This is the season for thanksgiving and for me, I am thankful for my life! I am thankful for new opportunities and a fresh start every 24 hours to create new memories, new possibilities. I am thankful for my family and their unwavering support of me through my journey of culinary school. I am thankful for food, good food most of all!
Enough about me- well, maybe just a little more!
For the past 20 years or so I have been cooking some part of the Thanksgiving dinner. About 10 years ago I decided I was grown up enough to try cooking the turkey. Through many trials and errors I have struggled to cook the perfect turkey. “Martha” has been a great resource for me but still she hasn’t actually stopped by to give me pointers or personal tips. I am positive she hasn’t shown up to help any of you either so, I have decided to share with you some tips I have learned to hopefully help you cook a successful turkey also.
Five Tips to a Better Bird!
Tip #1- Brine Your Turkey – you can find numerous recipes online but essentially, you need lots of sugar and salt. The sugar gets into the meat of your turkey and helps to retain the moisture while cooking. The salt helps to tenderize. All the other things add flavor, but only slightly. The most important component is the sugar and salt. You will need at least 12 hours, a vessel that will hold your turkey, water and be able fit into the refrigerator. Go online and find one that suits you or use this basic recipe from Cooks.com (http://www.cooks.com/rec/view/0,1761,134179-247198,00.html).
Tip # 2- Roasting time will vary depending on the turkey size. However, the general rule of thumb is a 14 lb turkey will usually cook in about 3 hours at 350F. If your turkey is bigger than 14 lbs, add 15 minutes per lb. A good measure to check if the meat is done (besides the instant read thermometer) is to poke the thigh meat deep and see if the juice runs clear. If there is any white coagulation that collects at the hole, that is blood. That means it isn’t finished cooking yet! If you’re using an instant read thermometer, it should read 170F when the turkey is done.

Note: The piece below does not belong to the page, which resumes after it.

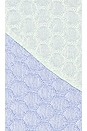 view 5 of 5 Catcha Wave One Piece in Blue Seafoam
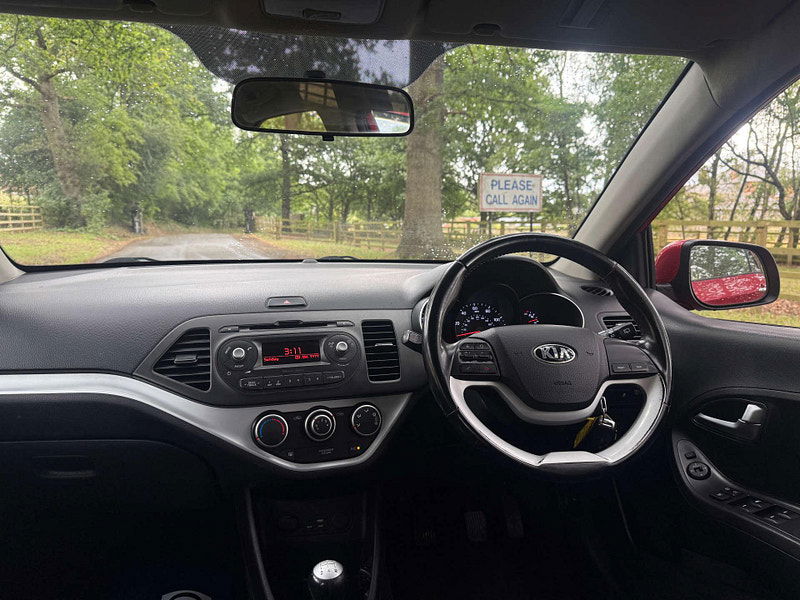 Kia Picanto 1.2 Picanto 2 ISG 5dr 5dr Manual 2025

Tip #3- After the first hour of cooking, be sure there is always about 1/2 inch of broth, water or liquid in the bottom of your roasting pan. The liquid will help keep the air moist around the turkey, helping the turkey stay moist! The reason for waiting an hour is because you want your vegetables to start caramelizing in the bottom before you add liquid. Don’t worry or stress if your veggies don’t get caramelized. Just keep liquid in the bottom.
Tip #4- If the skin is getting to dark and the meat isn’t done cooking, tent the bird with a piece of foil.
Tip #5- When the turkey is done roasting, remove it from the pan and let it rest under a tent of foil while you make the gravy , in the roasting pan! Letting the turkey rest gives the juices a chance to redistribute throughout the turkey and make the meat succulent moist! Letting it rest up to 30 minutes will also make it a little cooler to handle while cutting.
Be sure to use the drippings in your pan for your gravy. Drain off excess fat, leaving only enough for your gravy.
That is about all I have for tips to a successful turkey. I hope this helps make things a little less stressful and more successful.
Remember, it is about the day and being together. The food is only secondary to why you are together! So have a great Thanksgiving and many happy memories, even if the turkey burns to a crisp and the potatoes turn to glue. That is a memory you will always have to smile about!